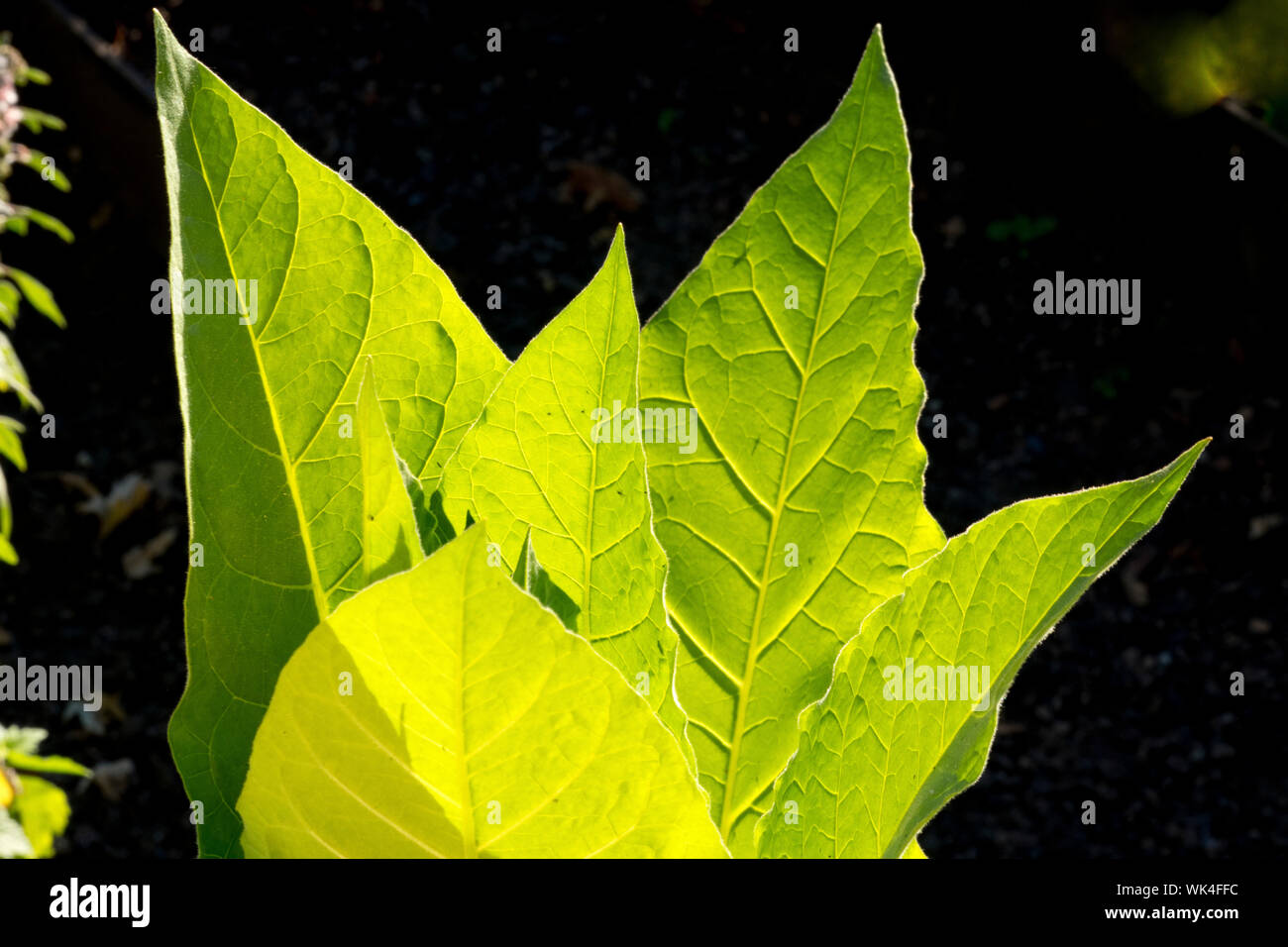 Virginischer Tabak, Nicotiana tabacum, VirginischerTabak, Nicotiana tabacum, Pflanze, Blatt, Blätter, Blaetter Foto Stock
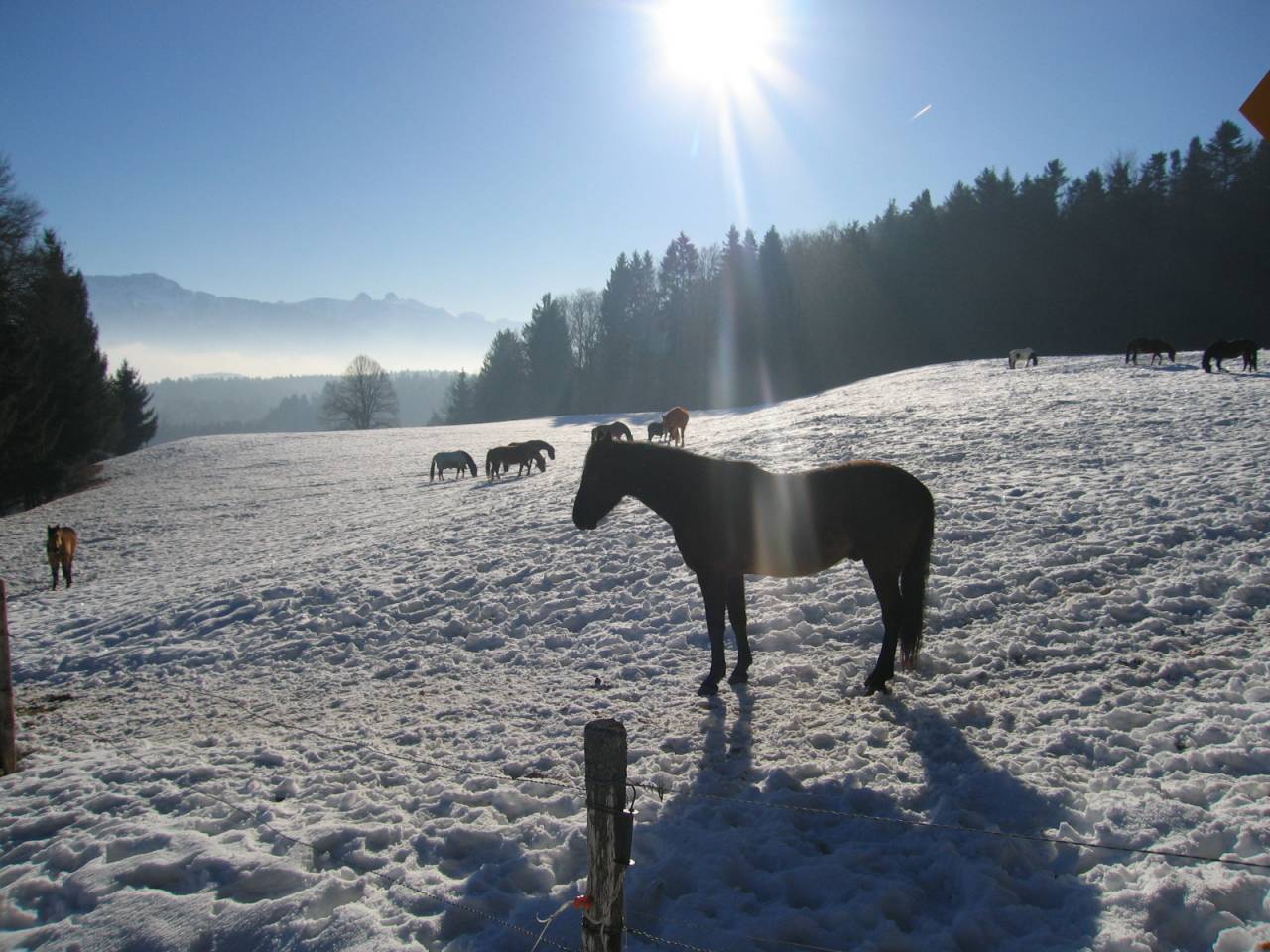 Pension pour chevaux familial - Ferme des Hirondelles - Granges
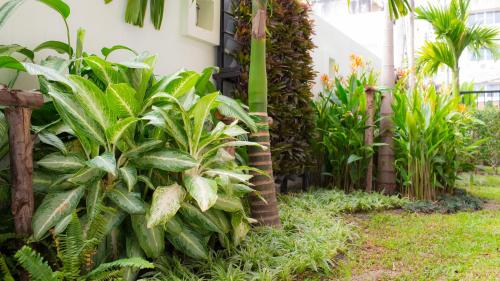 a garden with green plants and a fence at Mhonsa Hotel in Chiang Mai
* * *
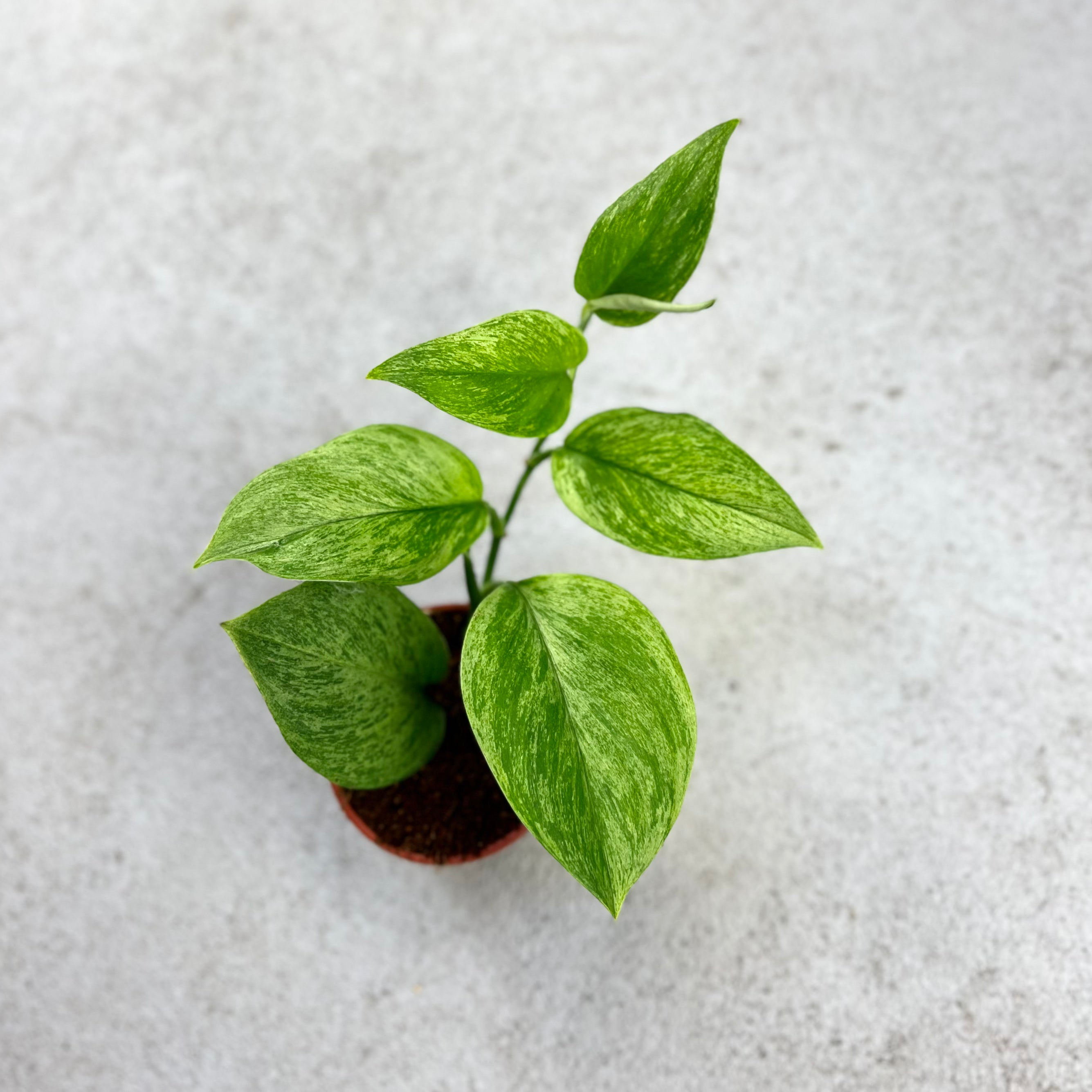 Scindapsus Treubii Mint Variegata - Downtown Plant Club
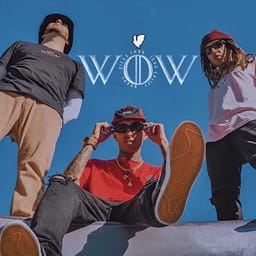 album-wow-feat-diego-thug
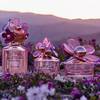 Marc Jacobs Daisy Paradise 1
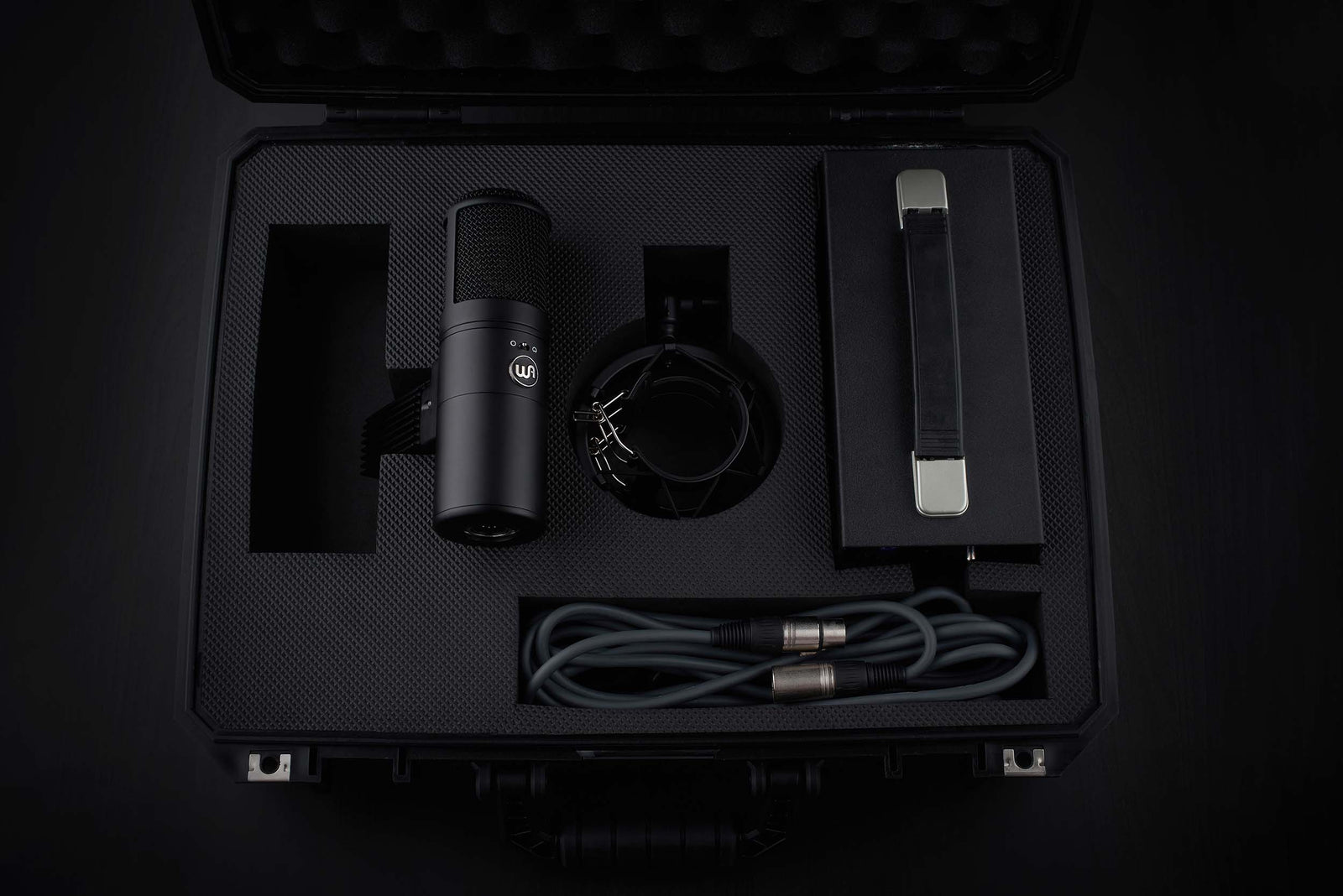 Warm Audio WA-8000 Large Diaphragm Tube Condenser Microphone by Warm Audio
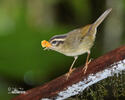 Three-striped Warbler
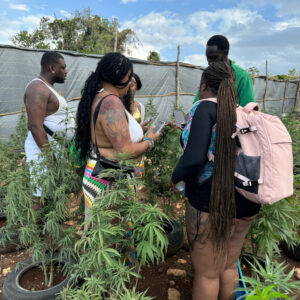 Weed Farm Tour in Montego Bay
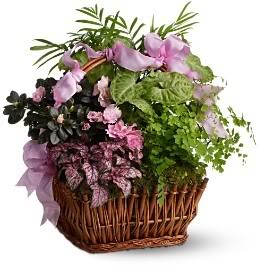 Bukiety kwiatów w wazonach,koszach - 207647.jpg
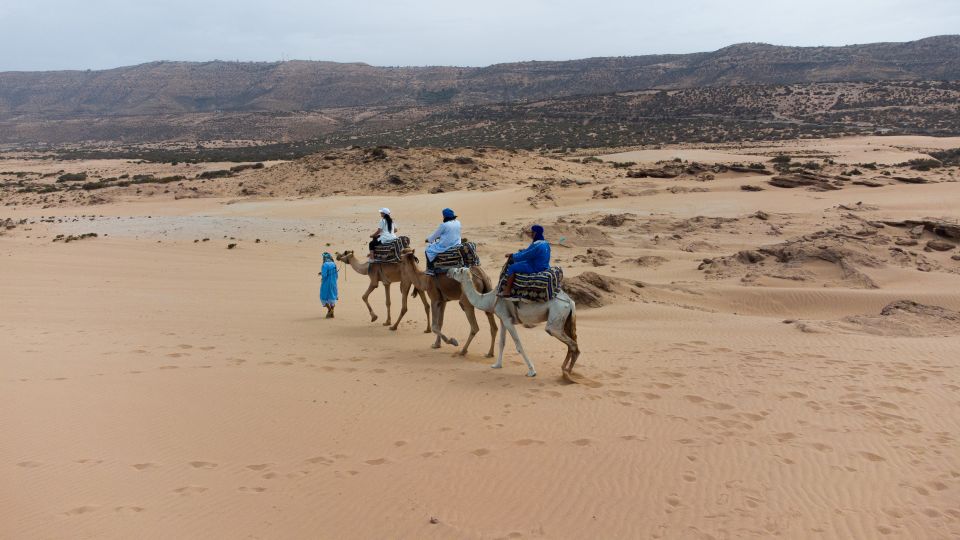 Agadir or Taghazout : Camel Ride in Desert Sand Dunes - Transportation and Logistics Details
...
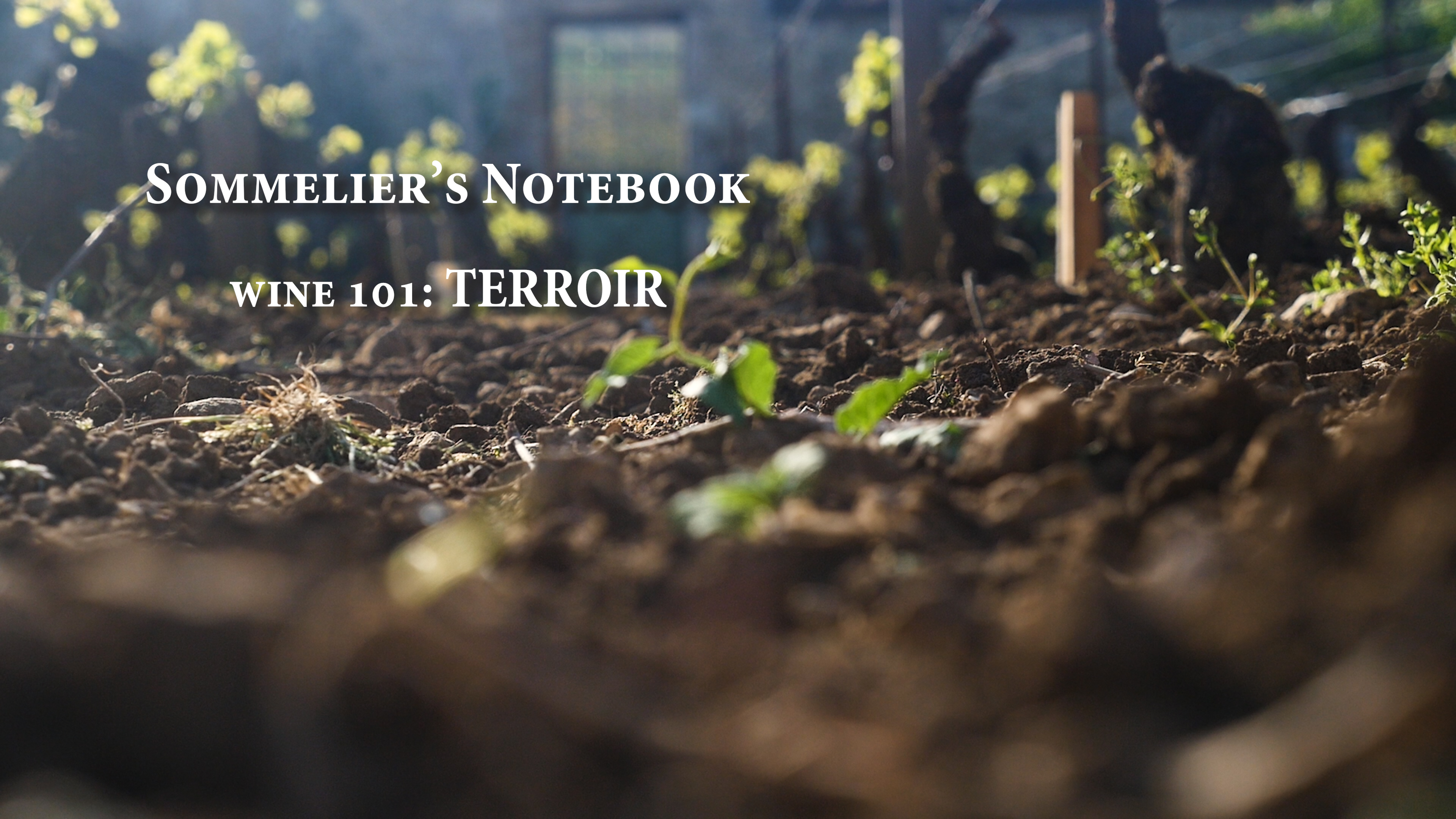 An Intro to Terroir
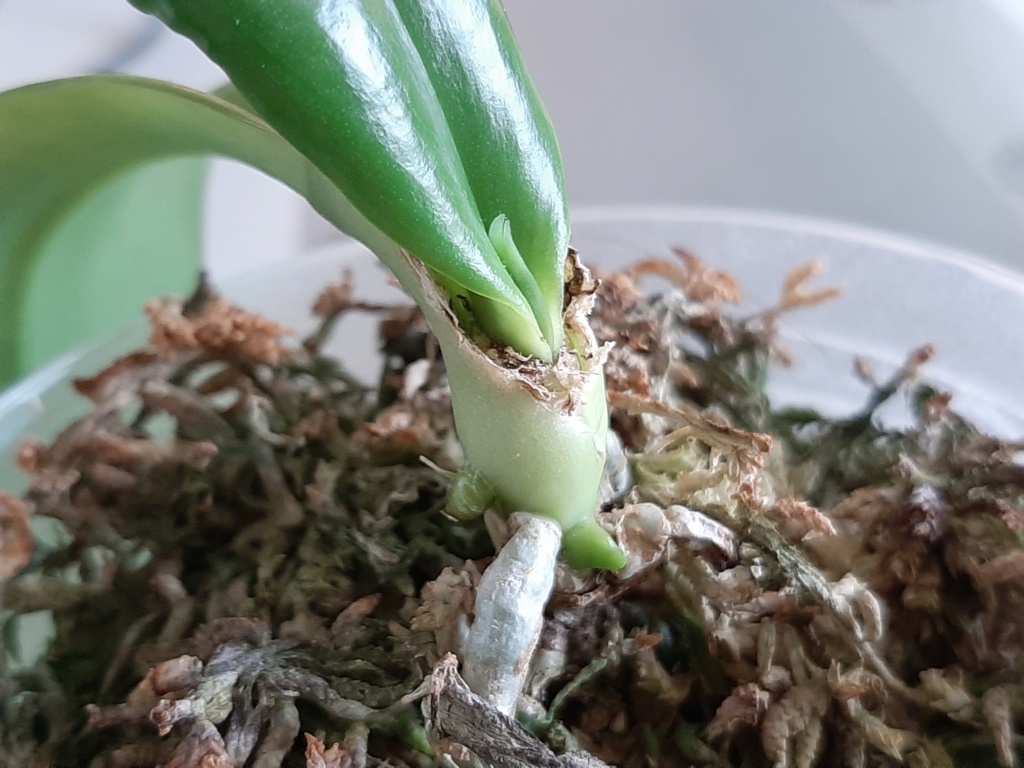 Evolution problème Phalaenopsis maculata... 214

**Work to be completed:** The reply should hold the entries above from the line with "album-wow-feat-diego-thug" to the line with "Agadir or Taghazout", duplicated exactly, pictures excluded.

**Response area:**
 album-wow-feat-diego-thug
 Marc Jacobs Daisy Paradise 1
 Warm Audio WA-8000 Large Diaphragm Tube Condenser Microphone by Warm Audio
 Three-striped Warbler
 Weed Farm Tour in Montego Bay
 Bukiety kwiatów w wazonach,koszach - 207647.jpg
 Agadir or Taghazout : Camel Ride in Desert Sand Dunes - Transportation and Logistics Details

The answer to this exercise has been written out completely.